Son of Steve is well into his first month of middle school and all the changes that entails. He’s hit that point where the honeymoon is over. The novelty has worn off, and the reality of earlier mornings, heavier backpack, crazier schedules, and more teachers and classes and assignments to keep track of has set in. He sighed this morning a heavy enervated sigh and said, “I wish Saturday would hurry up and come.” He’s tired. Psychically tired. There’s been a heroic level of adaptation going on, and it’s taken a toll.
The other big change has been a major drop in physical activity. Last year, he walked six tenths of a mile to school and back every day. This year, he rides the bus. It’s taken a measurable toll on physical activity. How measurable? About a 50% drop, as measured by the fitbit he’s been wearing for the last year and a half. In elementary school, he could dependably rack up 12,000-15,000 steps daily, sometimes exceeding 20,000. So far in middle school, he hovers in the 6-7,000 vicinity, rarely topping 10,000. Part of that is the missing walk to school, and another part is the lack of physical activity programmed into the school day: a drop from two to zero recesses, and a drop in the frequency of P.E. classes.
I’ve seen a number of studies surfacing lately that have connected exercise with mood and cognitive abilities. A longitudinal study in Britain found that car commuters who switched to biking, walking, or public transportation tended to improve their moods. Findings were further reinforced by effects of lengthening commutes: an additional 10 minutes of car commuting led to higher levels of anxiety, whereas an additional 10 minutes of commuting by bike, walking, or public transportation led to lower anxiety.

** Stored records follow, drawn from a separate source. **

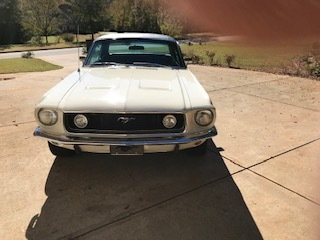 1968 Ford Mustang  for Sale $25 
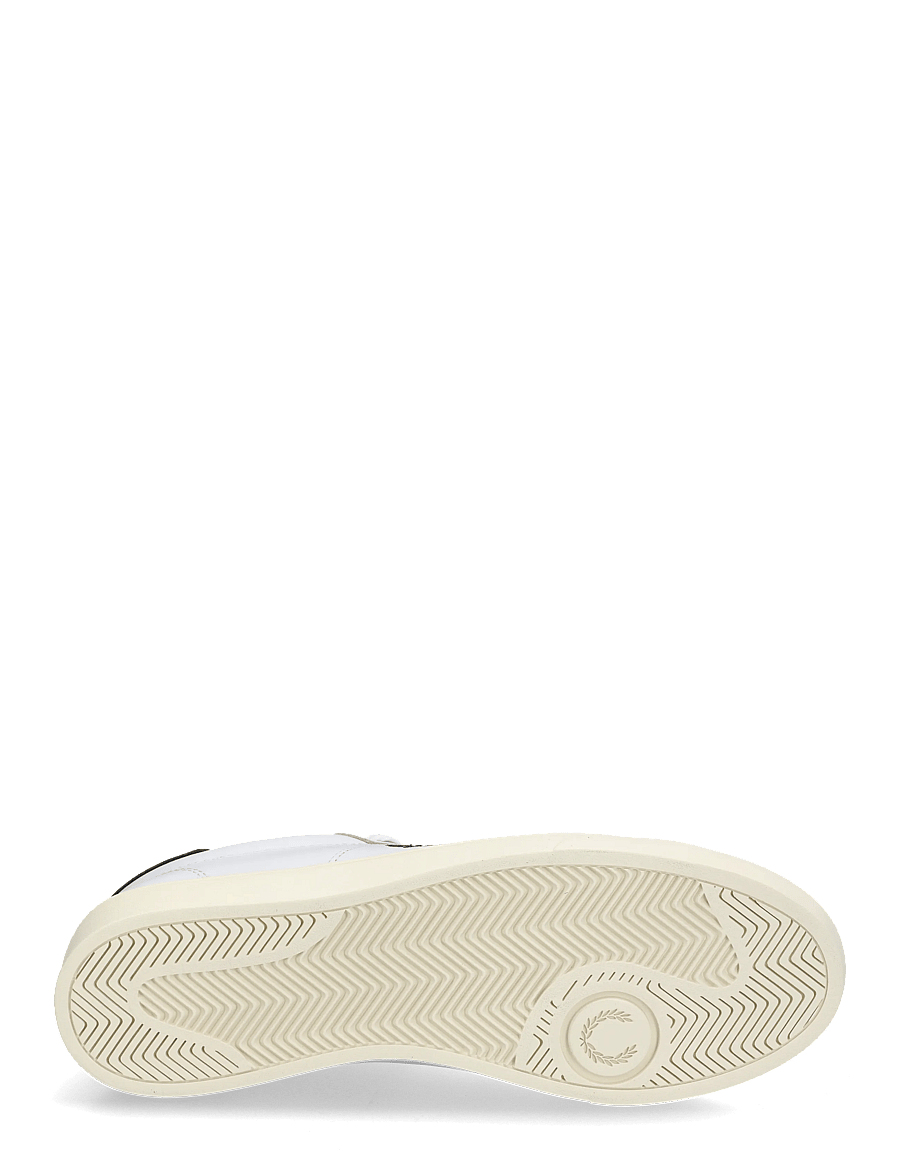 Fred Perry - SPENCER LEATHER - shop efter anledning - white - 4
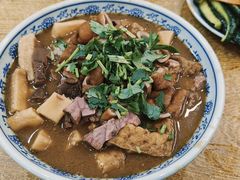 -门框胡同百年卤煮(新街口店)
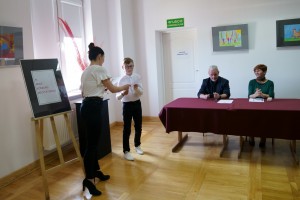 41. Mały Konkurs Recytatorski 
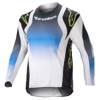 Bluza koszulka dziecięca ALPINESTARS Racer Push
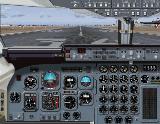 Fs2004 Bae 146 Panel V3.0 — 1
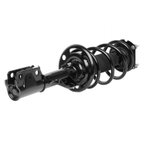 Mando MSS050433 Suspension Strut and Coil Spring Assembly - Front Left - view 1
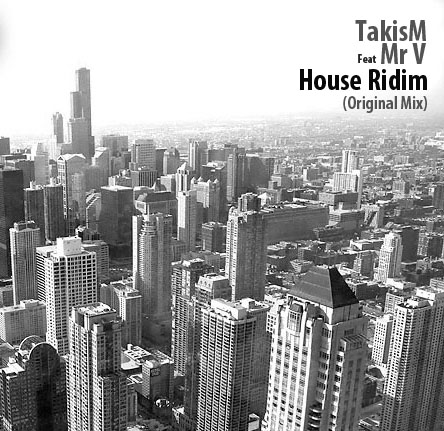 image cover: TakisM feat Mr V - House Ridim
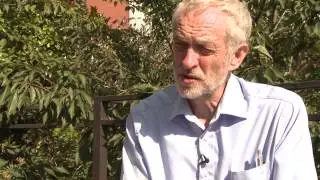 Jeremy Corbyn for Labour Leader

A US study on schoolchildren found that daily after-school exercise (about 4,000 steps in two hours) substantially improved children’s attention and cognitive skills during school, actually doubling some measures over the control group.
So it’s pretty clear he needs to get his activity back up, and barring a sudden revolution in Newton’s top-tier-college focus on academics, that ain’t gonna happen during school hours.
So what about walking? The walk to middle school is twice the distance (1.2 miles) of his elementary school. Though I walked that far in middle school, I started in 7th grade, not 6th. And backpacks just weren’t so overloaded in those days. Also, I don’t relish sending him across the Parker St. bridge over Route 9, new signals notwithstanding. I don’t feel comfortable entrusting his safety to Parker Street’s impatient, distracted, speed-addicted commuters. The only crossing that was close to that perilous in my own middle-school walk (a four-lane arterial) had a police crossing guard, because it was right in front of the school.
What about biking? It’s hazardous: the most direct route involves Parker St. A Brown student on a bike was injured last week on Parker (Bike Newton–and others–are attempting to find out more about the incident). But I’m looking into alternate routes: one possibility is to cross 9 at the signal at Woodcliff Road and take back streets, cutting out most of Parker. So here I am, a big proponent of biking, a bike commuter, and a bike blogger, and even I hesitate to send my child to middle school on a bike. What is wrong with this supposedly sleepy, safe little city? Or, alternatively, what’s wrong with me? (Maybe I know too much?)
This is where the rubber hits the road, isn’t it? This is where I experience the hesitation that most people have had about making a transition from driving to biking: is it safe? And this is when I have to be stern and remind myself: is it safer to lack exercise and activity? Safer to let the mind go soft in a stew of inattention and anxiety? I know my own mood and mental acuity have improved since I started bike commuting a few years ago. Should I really be denying those benefits to my child?
OK. I’ll have to try a test run. Maybe I can bike it with him a few days to see how it goes and see where the trouble spots are. Of course, we’ll soon be cut short by dark mornings and inclement weather. But maybe by then we’ll have braved the route on foot, and he can experience the joys–as I did–of a 1.2 mile walk to middle school in all kinds of weather.